The operations mentioned in the section of list can also be used for tuple objects. The only difference is it is illegal to change a tuple object. See an example below which I try to change elements of a tuple.
a[0] = 6
#ways to create a dict
#Way-1, turns a list of list into a diction by using dict() built-in function. The first item is used as a key.
phonelist = [['Kevin','2456'],['Mike','3456'],["Sue",'5567']]
dict_phones = dict(phonelist)
print(dict_phones)
# way-2, uses curly bracket to generate it
dict_phone_list = {'Kevin': '2456', 'Mike': '3456', 'Sue': '5567'}
dict_phone_list
dict_phone_list = {'Kevin': '2456', 'Mike': '3456', 'Sue': '5567'}
len(dict_phone_list)
The concept of order does not exist for dictionary objects. Due to that,we cannot use positional index to refer to elements. Instead, we use keys to get/set values.
dict_1 = {'apple':4, 'grapefruit':10}
dict_1['apple']
What if we use a non-existent key? It will invoke a KeyError, which terminates your program. So, do indexing with caution.
dict_1 = {'apple':4, 'grapefruit':10}
dict_1['banana']
print(dict_1['apple'])
Is there a way that we could detect if a key is inside a dictionary object?

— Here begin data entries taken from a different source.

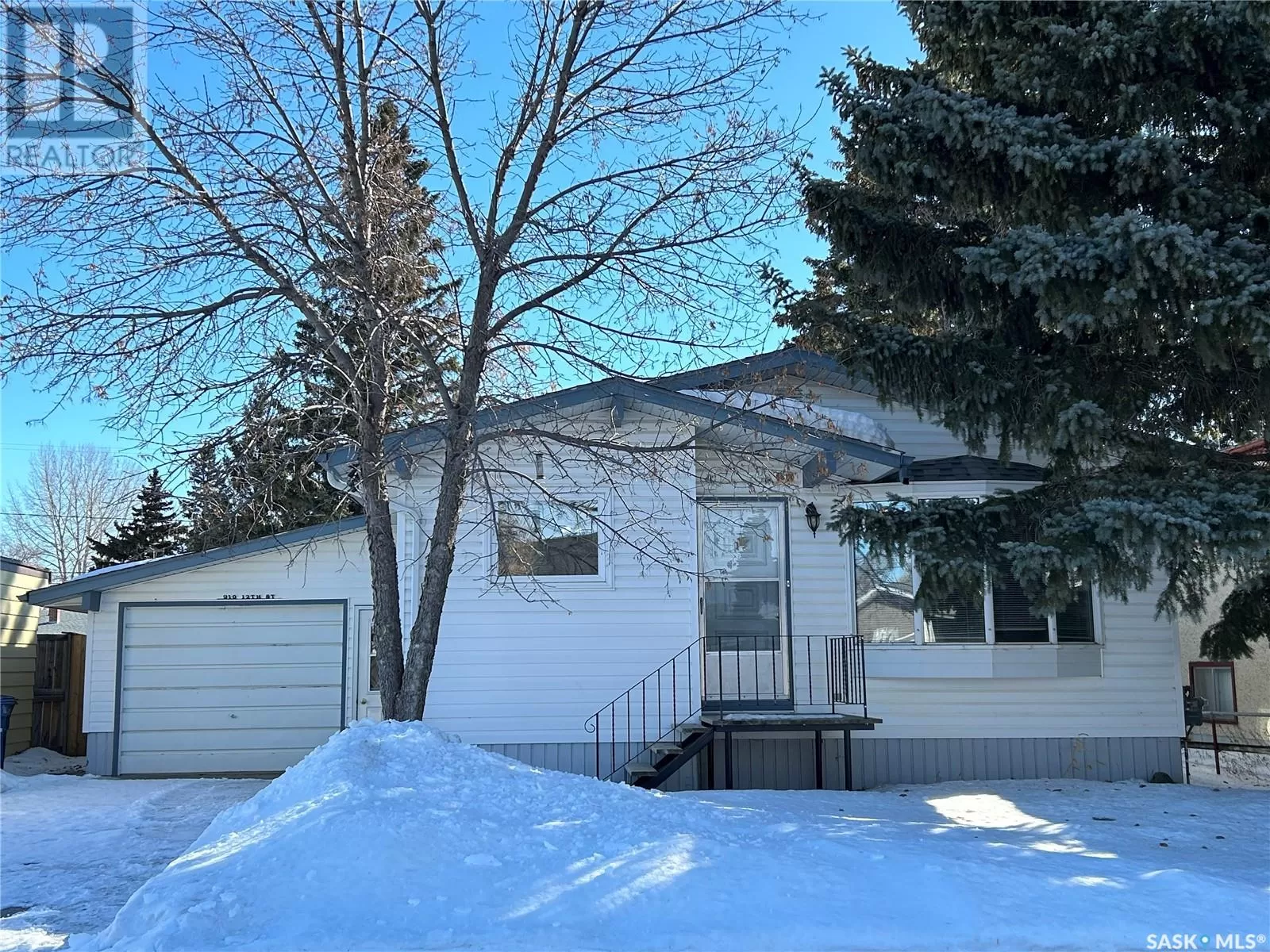 House for rent: 910 12th Street, Humboldt, Saskatchewan S0K 2A0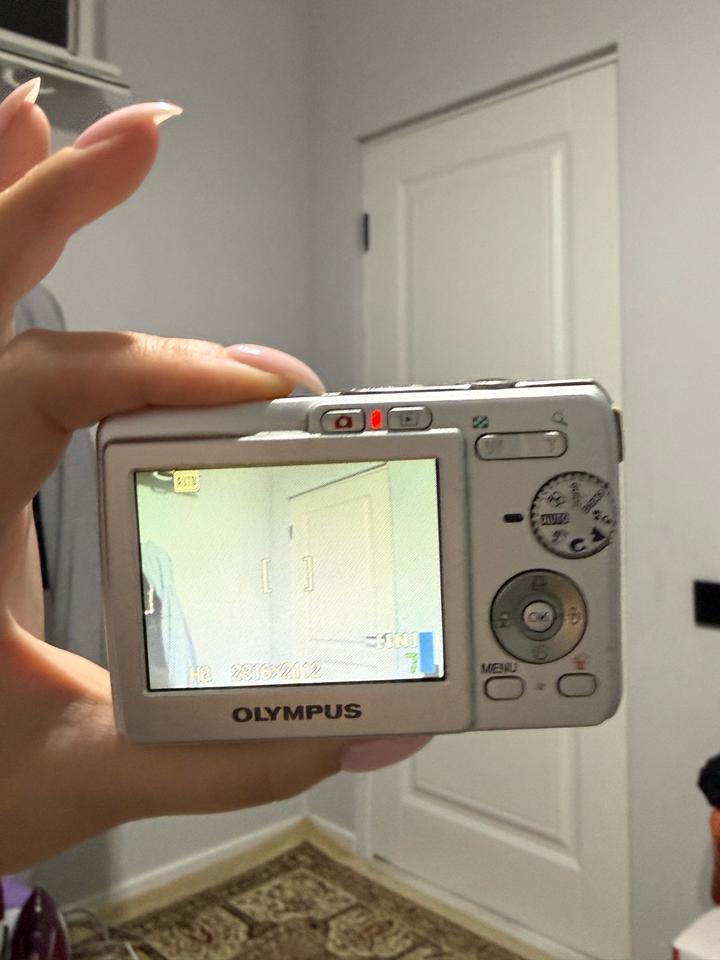 Цифровой фотоаппарат Olympus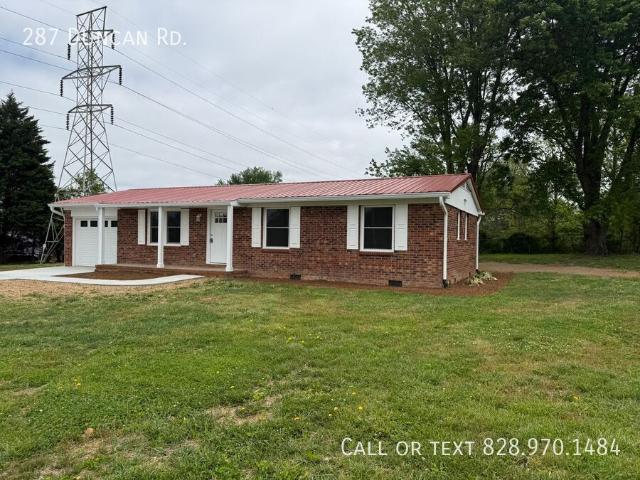 Apartment for rent in East Flat Rock, North Carolina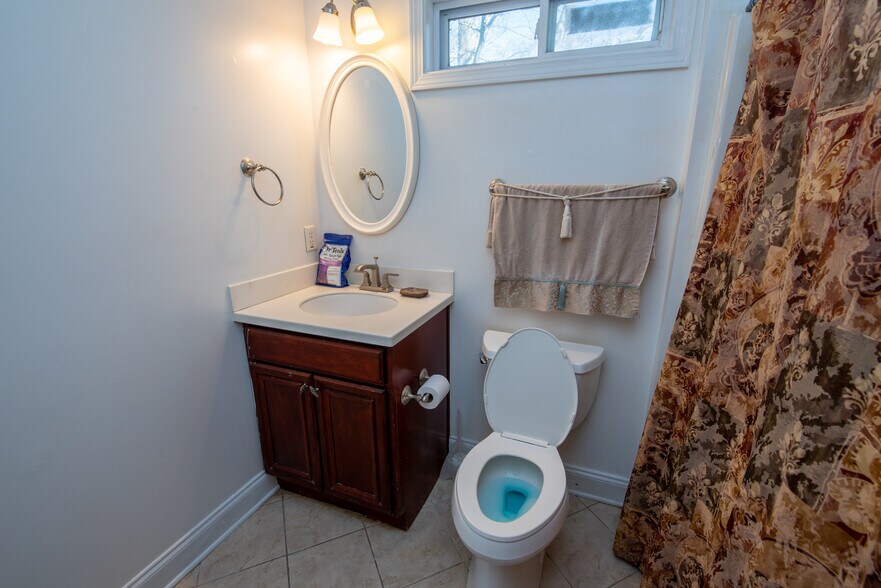 Building Photo - 2019 Pryor Rd SW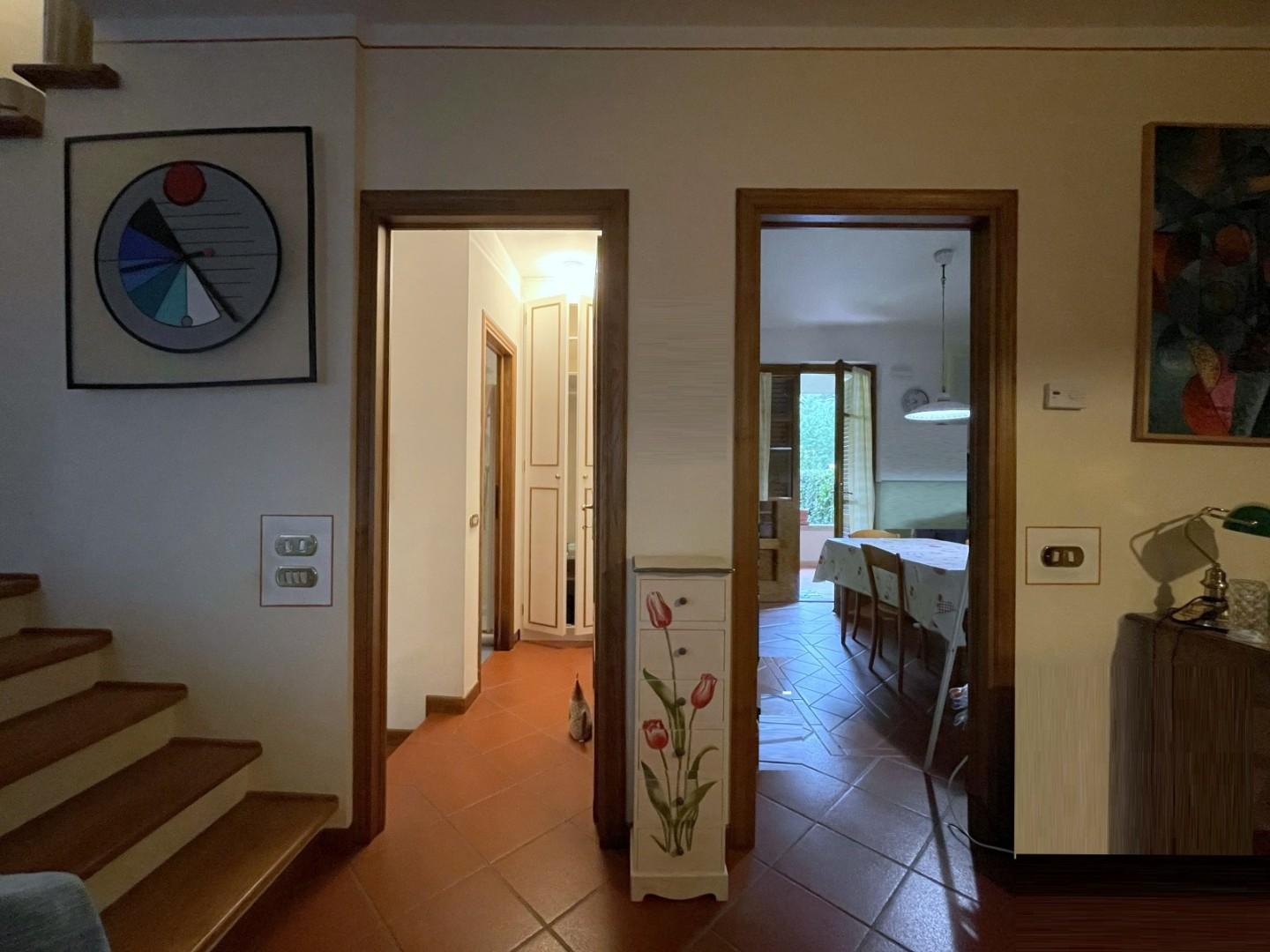 Villa Bifamiliare con giardino, Camaiore vado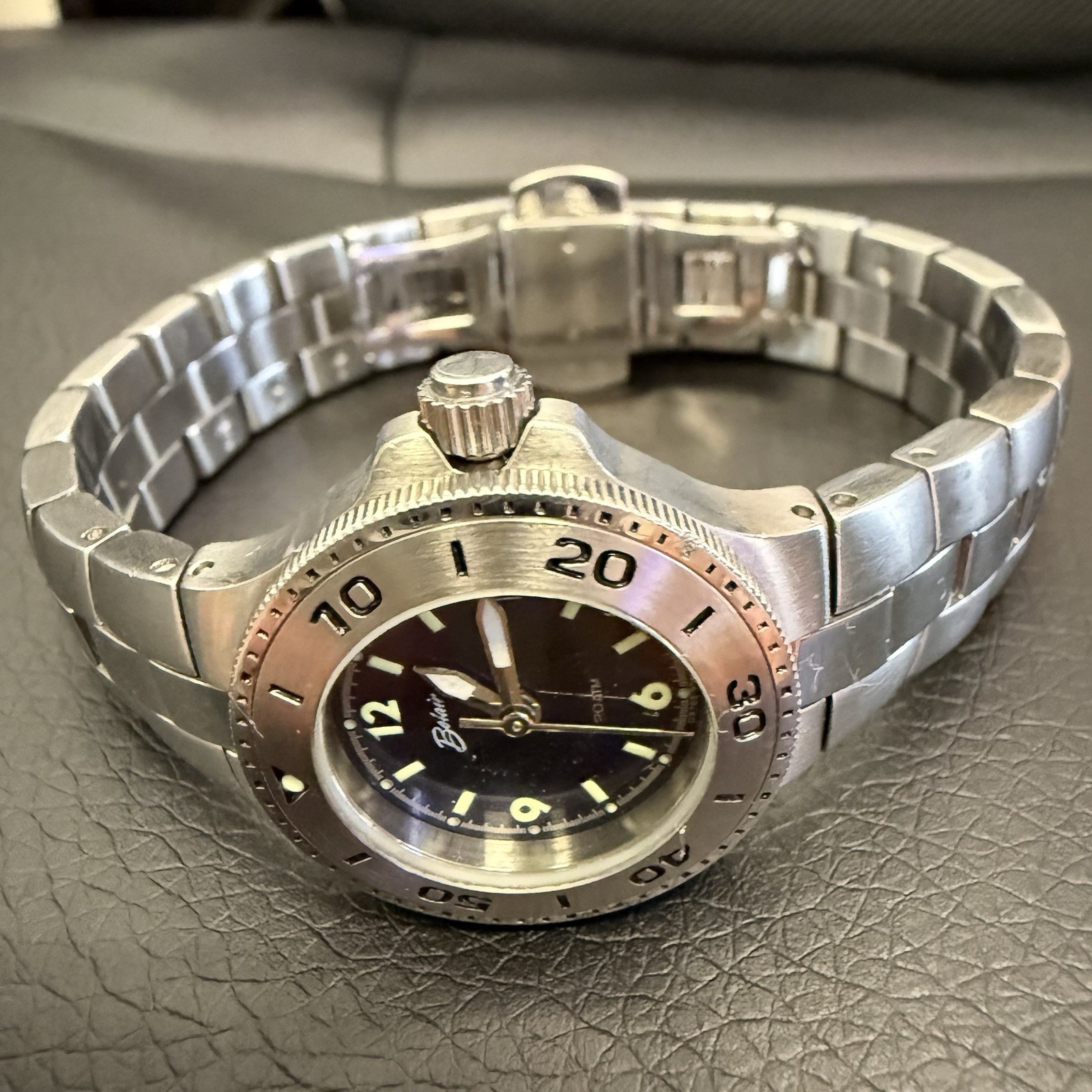 H84 Lady’s Stainless Steel Belair Sport Quartz Watch for Women
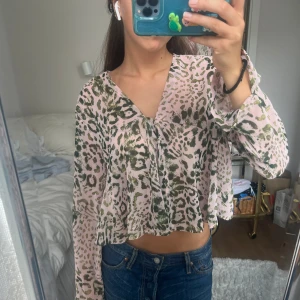 Blus - Så fin grön/rosa blus, perfekt till sommaren, brukar använda som strandblus 😇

dict_1 = {'apple':4, 'grapefruit':10}
'apple' in dict_1.keys()
'apple' in dict_1
help(list)
dict_phone_list.keys() # is this a method or function?
dict_phone_list.values()
dict_phone_list.items()
dict_phone_list.clear()
len(dict_phone_list)
dict_1 = {'apple':2, 'orange':4, 'banana':10}
dict_2 = {'orange':12, 'grapefruit':1}
dict_1.update(dict_2)
dict_1
Set objects are unordered collections of unique elements. You could get ordered set object with the help of packages
Like other collections, sets support x in set, len(set), and for x in set. Being an unordered collection, sets do not record element position or order of insertion. Accordingly, sets do not support indexing, slicing, or other sequence-like behavior.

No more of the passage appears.